Personal information
- Date of birth: 25 March 1969 (age 57)
- Place of birth: Tbilisi, Georgian SSR, then Soviet Union
- Position: Defender

Senior career*
- Years: Team / Apps / (Gls)
- 1988–1990: Amirani Ochamchire / 28 / (3)
- 1991–1994: Dinamo Tbilisi / 74 / (2)
- 1994: 1. FC Saarbrücken / 18 / (1)
- 1995: Dinamo Tbilisi / 15 / (3)
- 1995–1997: FC Alania Vladikavkaz / 62 / (9)
- 1997–2000: Manchester City / 15 / (2)
- 2000: Dinamo Tbilisi / 3 / (1)
- 2000–2001: Lokomotivi Tbilisi / 7 / (2)

International career
- 1994–1998: Georgia / 29 / (0)

= Murtaz Shelia =

Georgian footballer (born 1969)

Murtaz Shelia (მურთაზ შელია; born 25 March 1969) is a Georgian former professional footballer who played as a defender.
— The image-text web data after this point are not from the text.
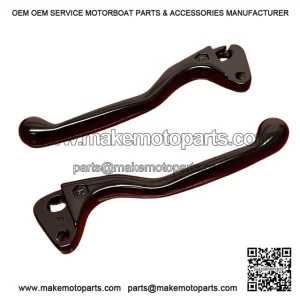 Sports Black Dog Leg Clutch & Front Brake Levers for VESPA PX, PE & T5 (1977-1998).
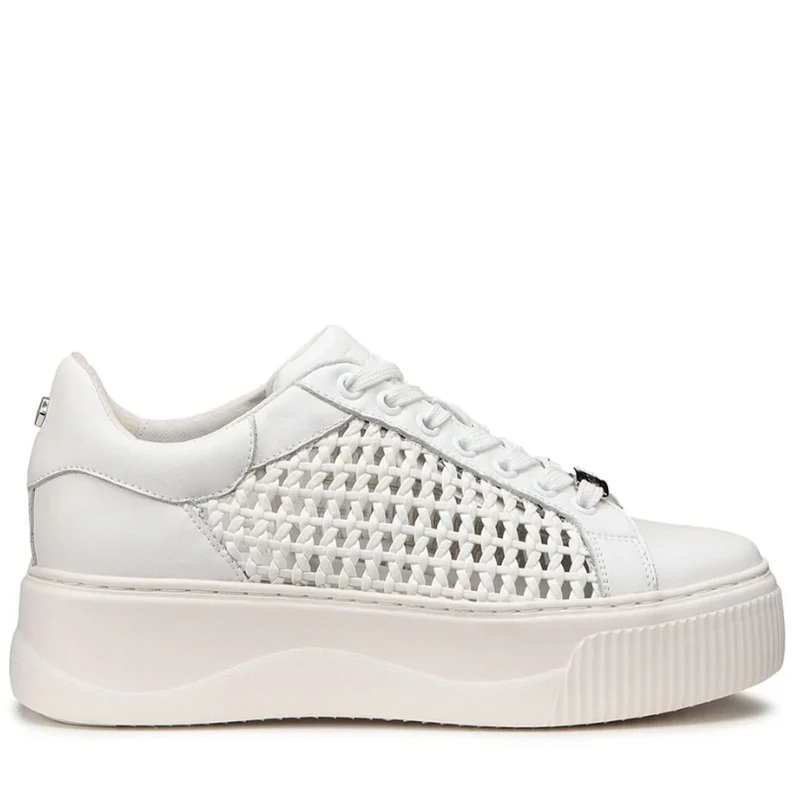 Sneakers Donna CULT Perry 4237 in Pelle Intrecciata Colore Bianco
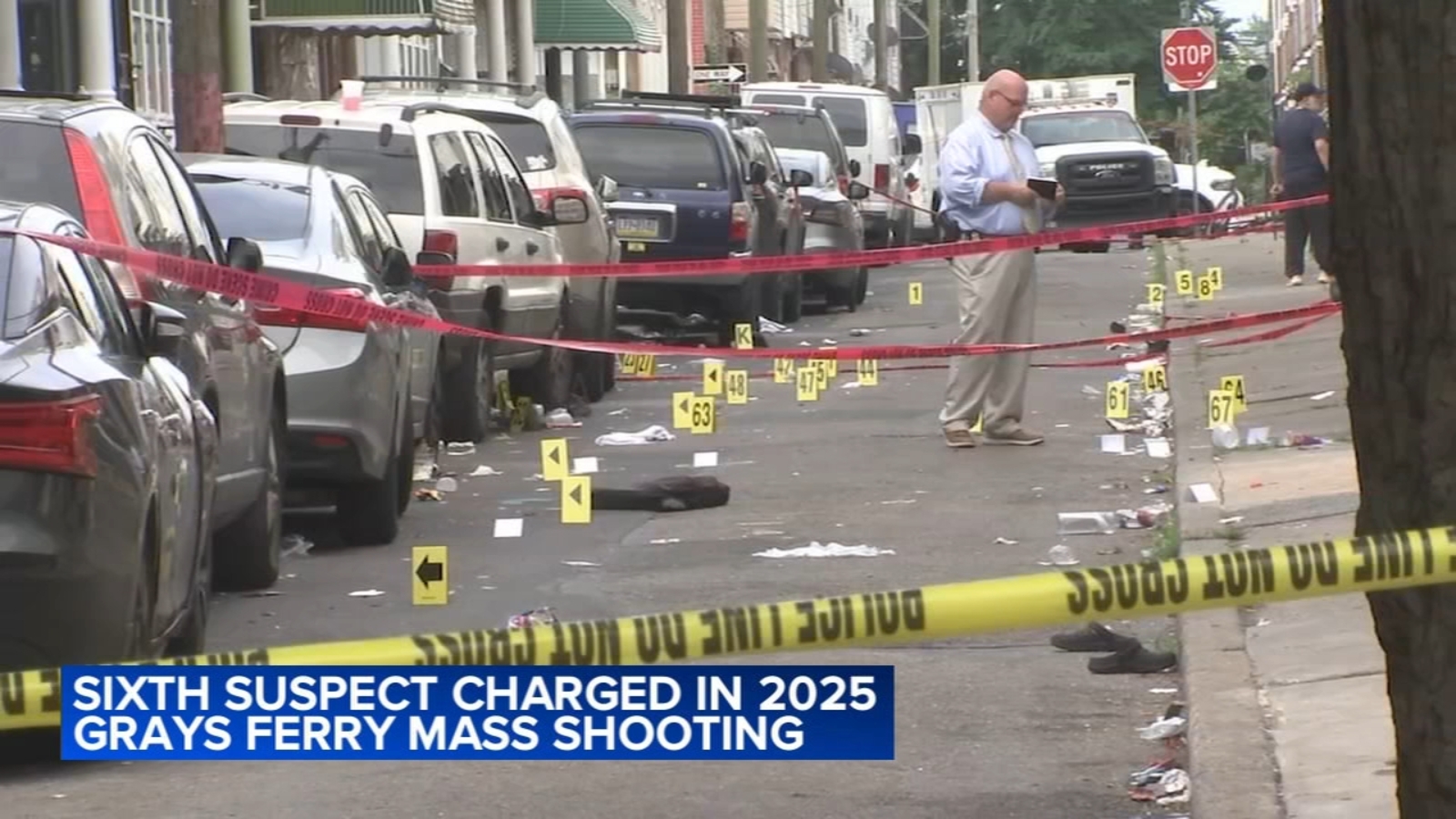 Sixth suspect charged in deadly 2025 mass shooting in Grays Ferry ...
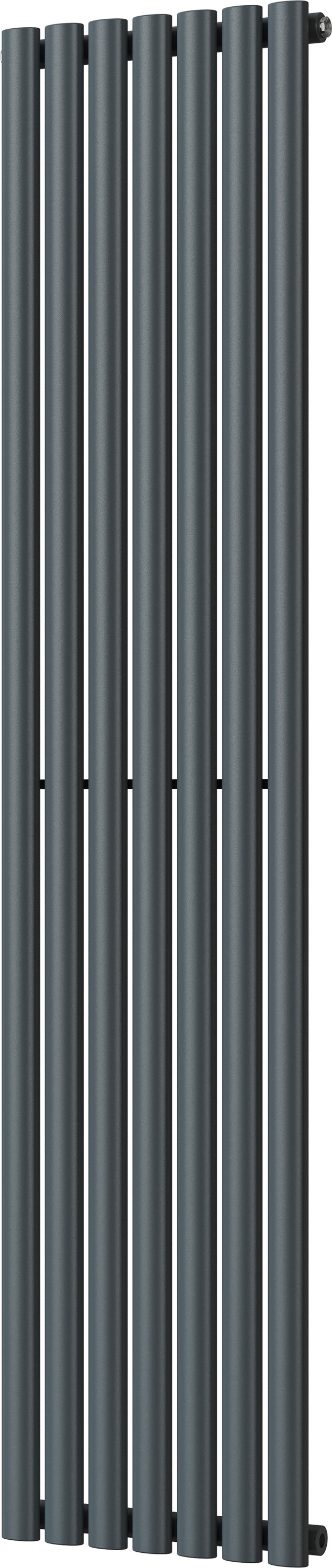 Omeara - Anthracite Vertical Radiator H1800mm x W406mm Single Panel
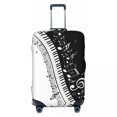 thumbnail image 1 of Housse de Valise Notes de Musique Colorées Housses de Bagages Élastiques pour 18-32 Pouces, 1 of 1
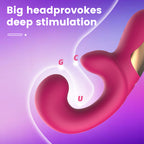Luxury Dual Stimulation Vibrator – G-Spot & Clitoral, 10 Modes, Waterproof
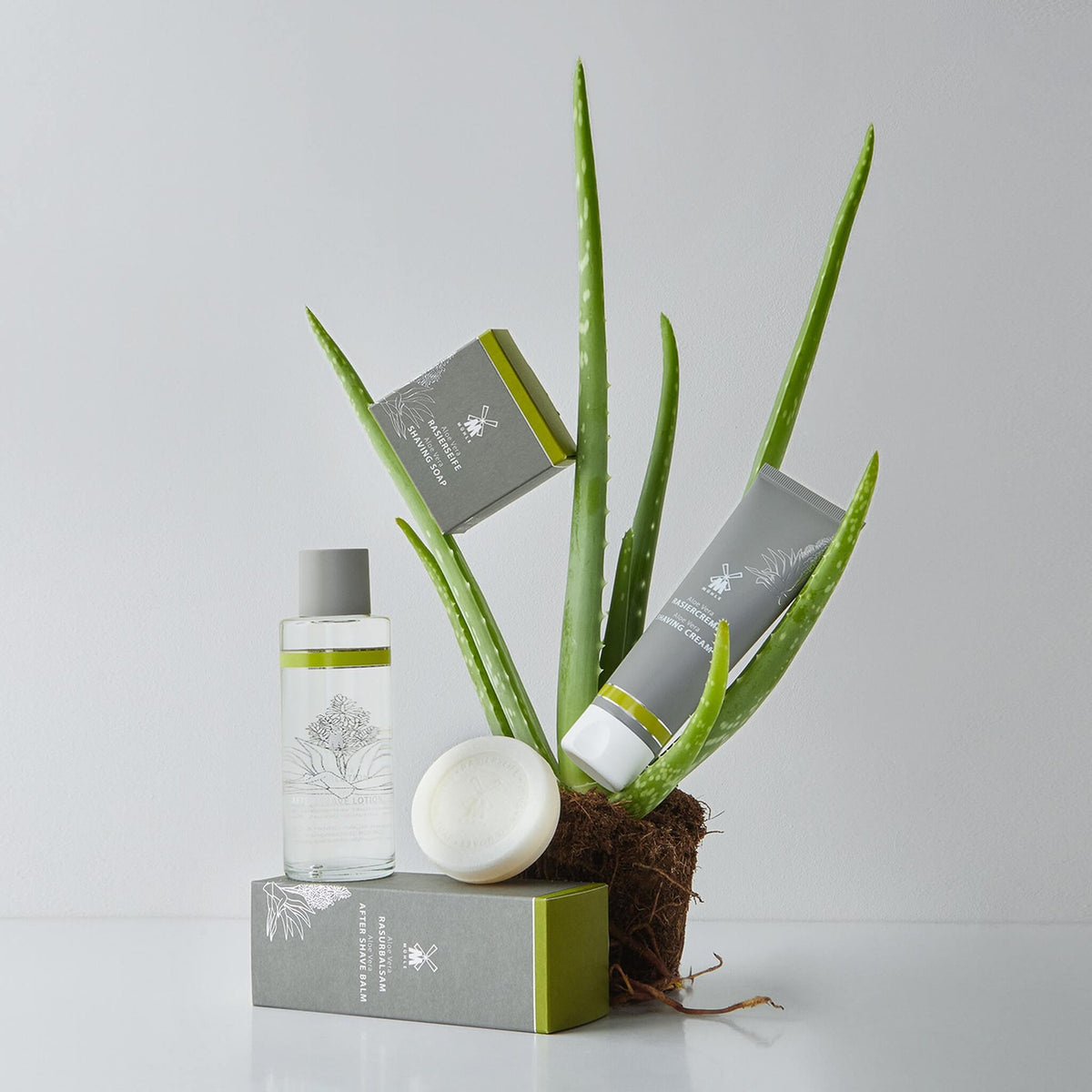 Shaving soap, Aloe Vera, 65 gr.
He was capped 29 times for the Georgia national team between 1994 and 1998. His clubs included Dinamo Tbilisi, 1. FC Saarbrücken, Spartak-Alania Vladikavkaz, Manchester City and Lokomotivi Tbilisi.

==Club career==
With Dinamo Tbilisi, Shelia formed part of a Georgian league championship winning team for five consecutive seasons (1991 to 1995). In 1995, he joined Spartak-Alania Vladikavkaz of the Russian league, where, as one of five Georgians on the books of the North Ossetians, he helped the club win the Russian league title in his first season.

Two years later Shelia joined English club Manchester City, where his former Dinamo Tbilisi team-mate Georgi Kinkladze was the star player. He marked his debut with a goal at Birmingham City, though Manchester City lost the match 2–1. Six weeks later he was joined in defence by another Georgian, Kakhaber Tskhadadze, but as the season reached its conclusion injuries restricted Shelia's appearances, and he scored just once more against Nottingham Forest. At the end of the season Manchester City were relegated, entering the third tier for the first time in their history. The following season Shelia made just three appearances before sustaining a career-threatening injury against Reading in October 1998, his final appearance for the club.

In 2000, he was released from his contract by Dinamo Tbilisi. After briefly attempting a comeback with Lokomotivi Tbilisi, he retired in 2001.

==International career==
With the Georgia national team Shelia won 1998 Malta International Football Tournament.